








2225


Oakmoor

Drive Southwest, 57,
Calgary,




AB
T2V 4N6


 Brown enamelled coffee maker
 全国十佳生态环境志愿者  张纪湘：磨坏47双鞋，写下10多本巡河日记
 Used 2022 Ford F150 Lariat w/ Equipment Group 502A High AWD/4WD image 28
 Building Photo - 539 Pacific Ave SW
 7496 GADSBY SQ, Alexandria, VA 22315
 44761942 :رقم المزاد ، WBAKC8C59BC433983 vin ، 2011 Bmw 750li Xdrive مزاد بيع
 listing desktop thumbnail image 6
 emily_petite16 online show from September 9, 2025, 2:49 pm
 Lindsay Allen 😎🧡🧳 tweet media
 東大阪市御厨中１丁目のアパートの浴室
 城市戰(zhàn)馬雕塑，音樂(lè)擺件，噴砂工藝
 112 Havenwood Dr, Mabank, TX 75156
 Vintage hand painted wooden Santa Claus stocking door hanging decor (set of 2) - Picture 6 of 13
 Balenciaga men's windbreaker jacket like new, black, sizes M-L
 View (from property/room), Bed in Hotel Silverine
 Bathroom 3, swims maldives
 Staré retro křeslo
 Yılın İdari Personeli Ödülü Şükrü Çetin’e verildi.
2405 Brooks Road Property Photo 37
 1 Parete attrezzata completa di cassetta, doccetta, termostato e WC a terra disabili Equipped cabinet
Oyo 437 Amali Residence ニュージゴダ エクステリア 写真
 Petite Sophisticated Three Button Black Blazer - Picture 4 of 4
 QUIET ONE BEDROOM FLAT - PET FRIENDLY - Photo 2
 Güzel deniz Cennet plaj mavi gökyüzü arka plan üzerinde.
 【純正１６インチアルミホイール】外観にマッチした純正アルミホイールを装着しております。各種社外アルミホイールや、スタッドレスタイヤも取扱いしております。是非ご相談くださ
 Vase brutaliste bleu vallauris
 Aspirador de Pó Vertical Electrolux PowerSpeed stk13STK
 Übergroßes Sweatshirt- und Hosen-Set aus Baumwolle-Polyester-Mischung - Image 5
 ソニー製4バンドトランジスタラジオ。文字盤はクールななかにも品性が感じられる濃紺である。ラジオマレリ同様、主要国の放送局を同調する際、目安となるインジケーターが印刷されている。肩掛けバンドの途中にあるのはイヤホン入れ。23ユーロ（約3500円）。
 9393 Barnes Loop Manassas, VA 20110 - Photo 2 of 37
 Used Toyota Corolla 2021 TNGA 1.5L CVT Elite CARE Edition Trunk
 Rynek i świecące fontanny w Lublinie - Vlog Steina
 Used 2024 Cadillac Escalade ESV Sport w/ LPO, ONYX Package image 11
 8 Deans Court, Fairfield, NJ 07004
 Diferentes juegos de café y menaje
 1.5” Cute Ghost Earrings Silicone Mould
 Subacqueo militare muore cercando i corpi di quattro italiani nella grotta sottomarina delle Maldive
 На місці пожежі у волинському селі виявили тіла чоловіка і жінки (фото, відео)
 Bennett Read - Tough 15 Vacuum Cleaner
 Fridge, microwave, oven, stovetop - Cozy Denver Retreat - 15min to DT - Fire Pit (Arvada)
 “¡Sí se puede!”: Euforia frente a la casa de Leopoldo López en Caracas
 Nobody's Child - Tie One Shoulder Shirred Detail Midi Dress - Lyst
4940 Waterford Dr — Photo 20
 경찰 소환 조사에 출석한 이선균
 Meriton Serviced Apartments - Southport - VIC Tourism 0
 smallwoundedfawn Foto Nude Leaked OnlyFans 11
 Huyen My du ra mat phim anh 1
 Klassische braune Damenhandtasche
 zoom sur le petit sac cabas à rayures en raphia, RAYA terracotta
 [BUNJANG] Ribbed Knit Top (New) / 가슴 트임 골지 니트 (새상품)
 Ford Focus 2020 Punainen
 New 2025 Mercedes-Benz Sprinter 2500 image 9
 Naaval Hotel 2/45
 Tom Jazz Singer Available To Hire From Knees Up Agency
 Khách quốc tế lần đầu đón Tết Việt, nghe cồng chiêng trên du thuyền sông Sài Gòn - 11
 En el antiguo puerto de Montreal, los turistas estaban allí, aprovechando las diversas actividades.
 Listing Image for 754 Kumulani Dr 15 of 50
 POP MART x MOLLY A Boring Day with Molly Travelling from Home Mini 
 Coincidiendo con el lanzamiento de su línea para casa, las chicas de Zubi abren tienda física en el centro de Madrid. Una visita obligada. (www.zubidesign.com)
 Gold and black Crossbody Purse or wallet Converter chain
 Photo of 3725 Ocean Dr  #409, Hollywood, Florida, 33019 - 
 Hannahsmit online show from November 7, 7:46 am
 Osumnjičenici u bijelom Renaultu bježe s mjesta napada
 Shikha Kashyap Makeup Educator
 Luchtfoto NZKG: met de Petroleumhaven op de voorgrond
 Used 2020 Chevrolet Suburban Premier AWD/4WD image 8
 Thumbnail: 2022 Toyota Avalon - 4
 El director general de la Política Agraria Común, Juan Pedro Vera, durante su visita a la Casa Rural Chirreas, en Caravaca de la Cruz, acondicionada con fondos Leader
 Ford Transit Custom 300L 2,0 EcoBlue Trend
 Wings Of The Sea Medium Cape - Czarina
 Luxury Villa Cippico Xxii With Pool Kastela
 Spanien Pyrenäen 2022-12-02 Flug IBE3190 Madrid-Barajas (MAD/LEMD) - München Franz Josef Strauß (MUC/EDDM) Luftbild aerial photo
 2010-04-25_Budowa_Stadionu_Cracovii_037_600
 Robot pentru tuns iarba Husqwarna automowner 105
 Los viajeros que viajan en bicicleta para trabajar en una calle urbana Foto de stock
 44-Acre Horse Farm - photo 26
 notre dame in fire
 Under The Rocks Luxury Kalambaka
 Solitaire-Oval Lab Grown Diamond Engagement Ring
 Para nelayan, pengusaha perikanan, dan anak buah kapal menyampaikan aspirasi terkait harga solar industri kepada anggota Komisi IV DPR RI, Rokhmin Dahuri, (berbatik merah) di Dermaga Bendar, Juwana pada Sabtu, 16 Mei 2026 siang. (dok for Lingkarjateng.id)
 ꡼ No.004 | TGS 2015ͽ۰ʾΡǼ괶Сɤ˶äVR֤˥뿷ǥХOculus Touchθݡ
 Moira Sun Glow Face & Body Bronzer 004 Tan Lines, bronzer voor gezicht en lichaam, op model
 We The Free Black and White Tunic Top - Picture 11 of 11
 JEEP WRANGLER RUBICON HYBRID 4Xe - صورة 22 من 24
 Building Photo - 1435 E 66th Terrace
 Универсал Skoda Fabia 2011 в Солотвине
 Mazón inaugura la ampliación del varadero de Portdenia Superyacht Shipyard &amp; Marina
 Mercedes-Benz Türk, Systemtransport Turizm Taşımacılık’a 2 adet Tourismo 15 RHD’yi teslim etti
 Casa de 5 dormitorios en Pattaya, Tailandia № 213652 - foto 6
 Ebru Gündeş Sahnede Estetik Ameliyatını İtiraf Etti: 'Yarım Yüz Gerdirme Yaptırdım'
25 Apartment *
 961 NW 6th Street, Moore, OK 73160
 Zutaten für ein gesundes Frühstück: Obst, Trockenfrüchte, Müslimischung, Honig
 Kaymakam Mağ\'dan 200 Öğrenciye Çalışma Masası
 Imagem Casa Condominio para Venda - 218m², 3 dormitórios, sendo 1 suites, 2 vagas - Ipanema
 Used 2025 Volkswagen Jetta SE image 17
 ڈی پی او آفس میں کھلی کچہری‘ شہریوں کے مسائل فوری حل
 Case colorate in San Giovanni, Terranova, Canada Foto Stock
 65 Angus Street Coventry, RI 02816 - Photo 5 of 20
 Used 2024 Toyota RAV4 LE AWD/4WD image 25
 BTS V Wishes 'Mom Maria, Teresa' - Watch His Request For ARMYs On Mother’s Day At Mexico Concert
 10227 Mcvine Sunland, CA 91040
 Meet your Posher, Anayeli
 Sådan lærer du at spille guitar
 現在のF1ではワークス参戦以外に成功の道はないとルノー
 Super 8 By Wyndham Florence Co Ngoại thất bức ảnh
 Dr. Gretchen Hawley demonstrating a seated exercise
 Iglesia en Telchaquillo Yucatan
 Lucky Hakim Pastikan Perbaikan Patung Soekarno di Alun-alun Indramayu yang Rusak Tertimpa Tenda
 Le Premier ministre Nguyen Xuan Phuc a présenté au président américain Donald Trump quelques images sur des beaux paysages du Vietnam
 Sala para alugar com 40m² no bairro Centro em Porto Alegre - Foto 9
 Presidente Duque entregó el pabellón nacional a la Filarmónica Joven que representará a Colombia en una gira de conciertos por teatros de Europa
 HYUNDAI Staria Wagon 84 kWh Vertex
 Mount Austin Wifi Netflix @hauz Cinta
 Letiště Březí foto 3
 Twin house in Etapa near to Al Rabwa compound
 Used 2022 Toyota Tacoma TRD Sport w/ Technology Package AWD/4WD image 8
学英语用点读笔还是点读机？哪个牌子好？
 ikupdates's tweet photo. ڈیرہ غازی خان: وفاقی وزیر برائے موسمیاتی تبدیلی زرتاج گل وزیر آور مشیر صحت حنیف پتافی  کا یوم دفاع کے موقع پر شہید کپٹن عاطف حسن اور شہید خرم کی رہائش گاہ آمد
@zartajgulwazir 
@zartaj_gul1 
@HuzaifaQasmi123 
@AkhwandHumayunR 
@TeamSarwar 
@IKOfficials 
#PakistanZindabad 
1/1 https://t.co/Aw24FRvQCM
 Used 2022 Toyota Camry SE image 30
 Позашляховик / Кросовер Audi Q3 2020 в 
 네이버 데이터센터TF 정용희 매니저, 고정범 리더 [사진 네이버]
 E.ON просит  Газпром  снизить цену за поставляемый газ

----

Would you please repeat exactly the lines above, starting at the line with "Le Premier ministre" and stopping at the line with "学英语用点读笔还是点读机？哪个牌子好？", both included?

# TASK SOLUTION
 Le Premier ministre Nguyen Xuan Phuc a présenté au président américain Donald Trump quelques images sur des beaux paysages du Vietnam
 Sala para alugar com 40m² no bairro Centro em Porto Alegre - Foto 9
 Presidente Duque entregó el pabellón nacional a la Filarmónica Joven que representará a Colombia en una gira de conciertos por teatros de Europa
 HYUNDAI Staria Wagon 84 kWh Vertex
 Mount Austin Wifi Netflix @hauz Cinta
 Letiště Březí foto 3
 Twin house in Etapa near to Al Rabwa compound
 Used 2022 Toyota Tacoma TRD Sport w/ Technology Package AWD/4WD image 8
学英语用点读笔还是点读机？哪个牌子好？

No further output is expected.